Go through the listing below, and from the line containing "Эссенция для отбеливания" through its last line, transcribe every line exactly, skipping pictures.
○ ○ ○ ○
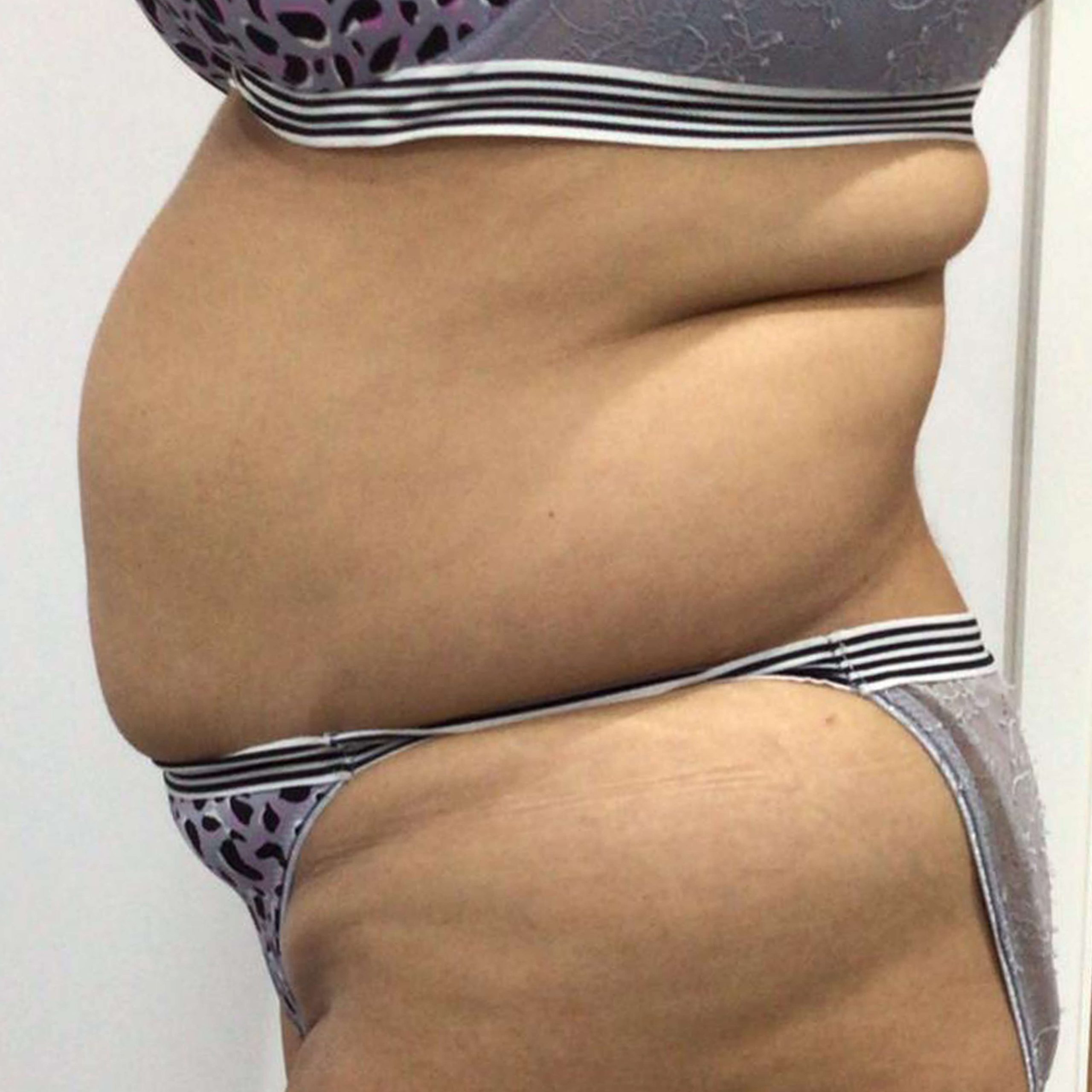before image of Lipofirm procedure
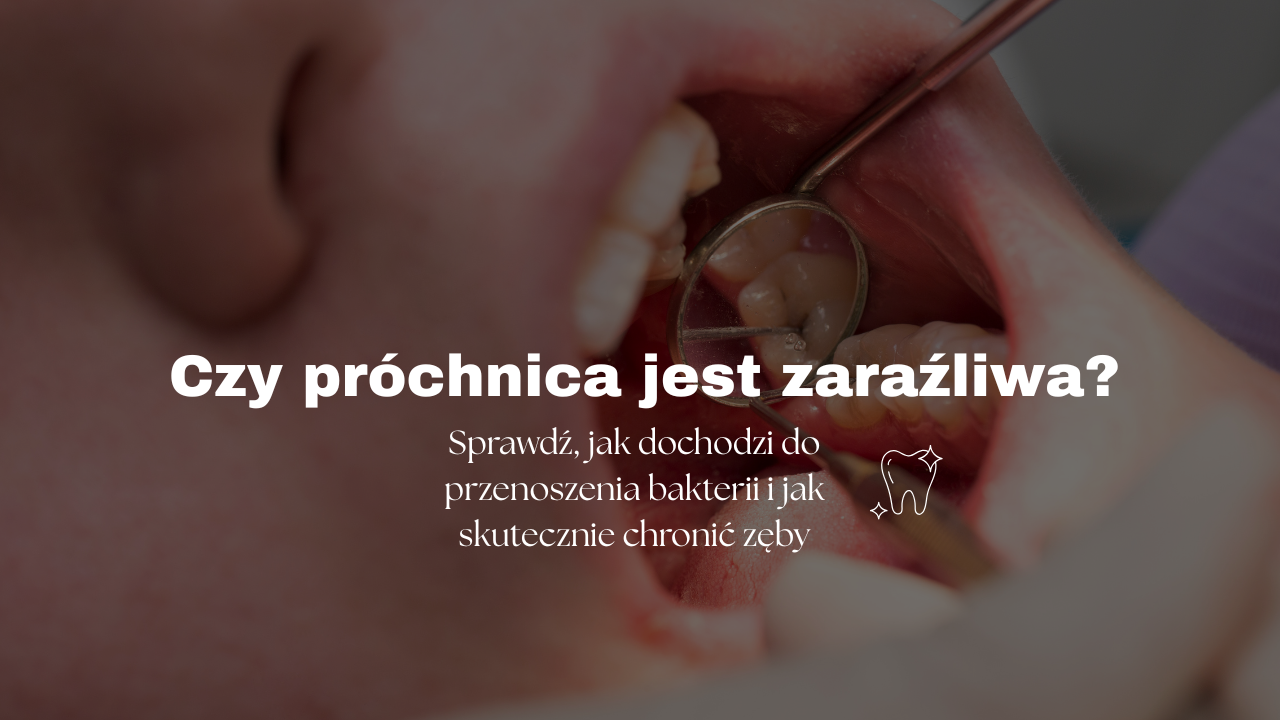 Czy próchnica jest zaraźliwa? Sprawdź, jak dochodzi do przenoszenia bakterii i jak skutecznie chronić zęby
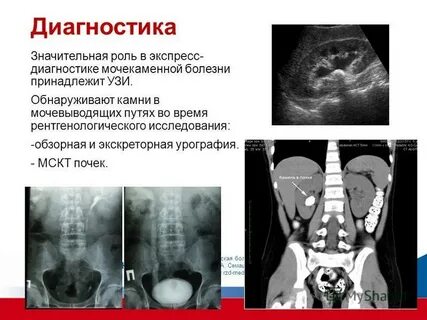 Мочекаменная болезнь диагноз
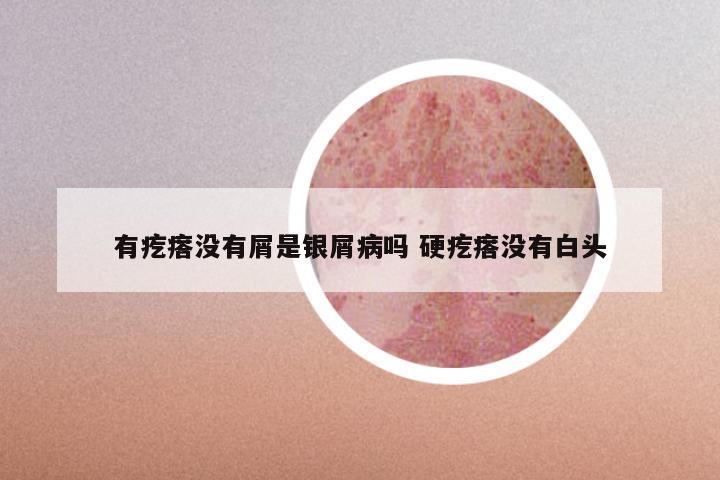 有疙瘩没有屑是银屑病吗 硬疙瘩没有白头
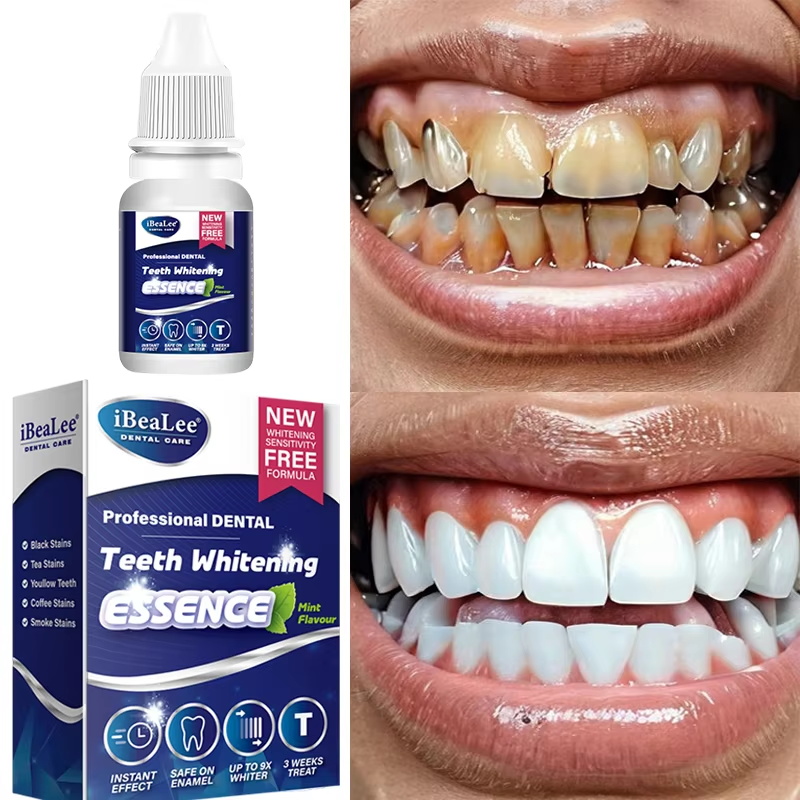 Эссенция для отбеливания зубов – обзор и цена Teeth Whitening Serum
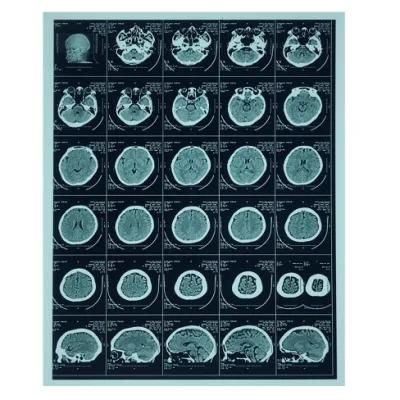 Medical X-ray Film/14X17 Inch Thermal Dry Films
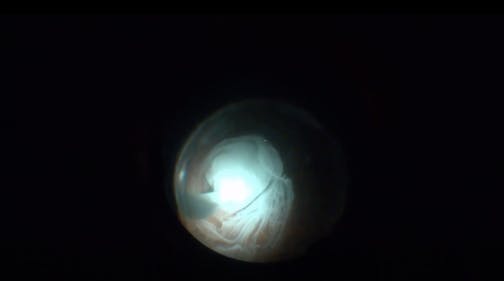 Endocryocoagulation for Retinal Macroaneurysm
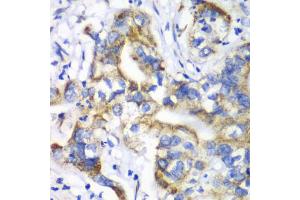 Immunohistochemistry of paraffin-embedded human liver cancer using RPL9 antibody. (RPL9 Antikörper)
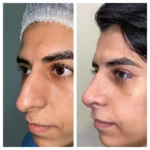 Male Rhinoplasty - Hump reduction and tip elevation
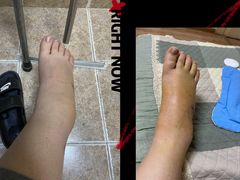 -大韩庄韩氏祖传正骨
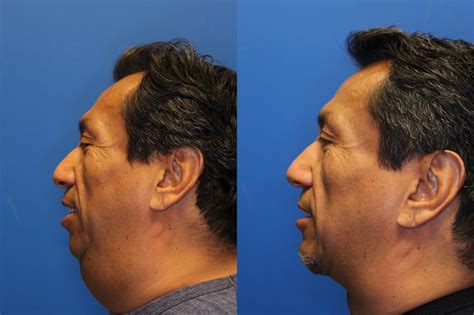 Neck Lift Before & After Photo Gallery | San Francisco, CA | Kaiser ...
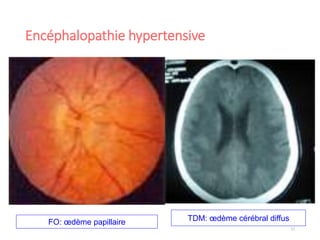 Encéphalopathie hypertensive
17
FO: œdème papillaire TDM: œdème cérébral diffus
○ ○ ○ ○
◆ **Response to the task**
 Эссенция для отбеливания зубов – обзор и цена Teeth Whitening Serum
 Medical X-ray Film/14X17 Inch Thermal Dry Films
 Endocryocoagulation for Retinal Macroaneurysm
 Immunohistochemistry of paraffin-embedded human liver cancer using RPL9 antibody. (RPL9 Antikörper)
 Male Rhinoplasty - Hump reduction and tip elevation
 -大韩庄韩氏祖传正骨
 Neck Lift Before & After Photo Gallery | San Francisco, CA | Kaiser ...
 Encéphalopathie hypertensive
17
FO: œdème papillaire TDM: œdème cérébral diffus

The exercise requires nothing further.